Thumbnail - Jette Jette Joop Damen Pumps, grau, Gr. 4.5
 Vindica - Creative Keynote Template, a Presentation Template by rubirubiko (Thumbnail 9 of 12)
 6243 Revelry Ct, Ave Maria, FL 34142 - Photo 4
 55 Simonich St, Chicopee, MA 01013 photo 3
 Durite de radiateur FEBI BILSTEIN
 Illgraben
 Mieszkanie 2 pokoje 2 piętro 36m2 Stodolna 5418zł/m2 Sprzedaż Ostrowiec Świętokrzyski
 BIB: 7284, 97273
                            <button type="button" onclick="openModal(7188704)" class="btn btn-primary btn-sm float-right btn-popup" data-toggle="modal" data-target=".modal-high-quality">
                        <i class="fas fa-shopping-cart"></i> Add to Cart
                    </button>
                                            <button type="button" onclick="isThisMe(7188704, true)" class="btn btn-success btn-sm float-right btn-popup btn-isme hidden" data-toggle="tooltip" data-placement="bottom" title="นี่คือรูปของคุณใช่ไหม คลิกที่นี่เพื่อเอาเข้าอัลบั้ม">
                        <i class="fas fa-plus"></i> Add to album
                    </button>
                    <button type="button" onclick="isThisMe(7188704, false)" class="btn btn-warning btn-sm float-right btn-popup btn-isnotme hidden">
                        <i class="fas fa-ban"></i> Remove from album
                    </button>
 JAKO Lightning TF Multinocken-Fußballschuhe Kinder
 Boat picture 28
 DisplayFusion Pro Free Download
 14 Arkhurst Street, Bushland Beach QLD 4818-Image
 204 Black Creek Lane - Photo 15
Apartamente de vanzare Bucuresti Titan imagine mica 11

→ Work to complete
Retype the listing. Match it exactly.

→ Exercise output
Thumbnail - Jette Jette Joop Damen Pumps, grau, Gr. 4.5
 Vindica - Creative Keynote Template, a Presentation Template by rubirubiko (Thumbnail 9 of 12)
 6243 Revelry Ct, Ave Maria, FL 34142 - Photo 4
 55 Simonich St, Chicopee, MA 01013 photo 3
 Durite de radiateur FEBI BILSTEIN
 Illgraben
 Mieszkanie 2 pokoje 2 piętro 36m2 Stodolna 5418zł/m2 Sprzedaż Ostrowiec Świętokrzyski
 BIB: 7284, 97273
                            <button type="button" onclick="openModal(7188704)" class="btn btn-primary btn-sm float-right btn-popup" data-toggle="modal" data-target=".modal-high-quality">
                        <i class="fas fa-shopping-cart"></i> Add to Cart
                    </button>
                                            <button type="button" onclick="isThisMe(7188704, true)" class="btn btn-success btn-sm float-right btn-popup btn-isme hidden" data-toggle="tooltip" data-placement="bottom" title="นี่คือรูปของคุณใช่ไหม คลิกที่นี่เพื่อเอาเข้าอัลบั้ม">
                        <i class="fas fa-plus"></i> Add to album
                    </button>
                    <button type="button" onclick="isThisMe(7188704, false)" class="btn btn-warning btn-sm float-right btn-popup btn-isnotme hidden">
                        <i class="fas fa-ban"></i> Remove from album
                    </button>
 JAKO Lightning TF Multinocken-Fußballschuhe Kinder
 Boat picture 28
 DisplayFusion Pro Free Download
 14 Arkhurst Street, Bushland Beach QLD 4818-Image
 204 Black Creek Lane - Photo 15
Apartamente de vanzare Bucuresti Titan imagine mica 11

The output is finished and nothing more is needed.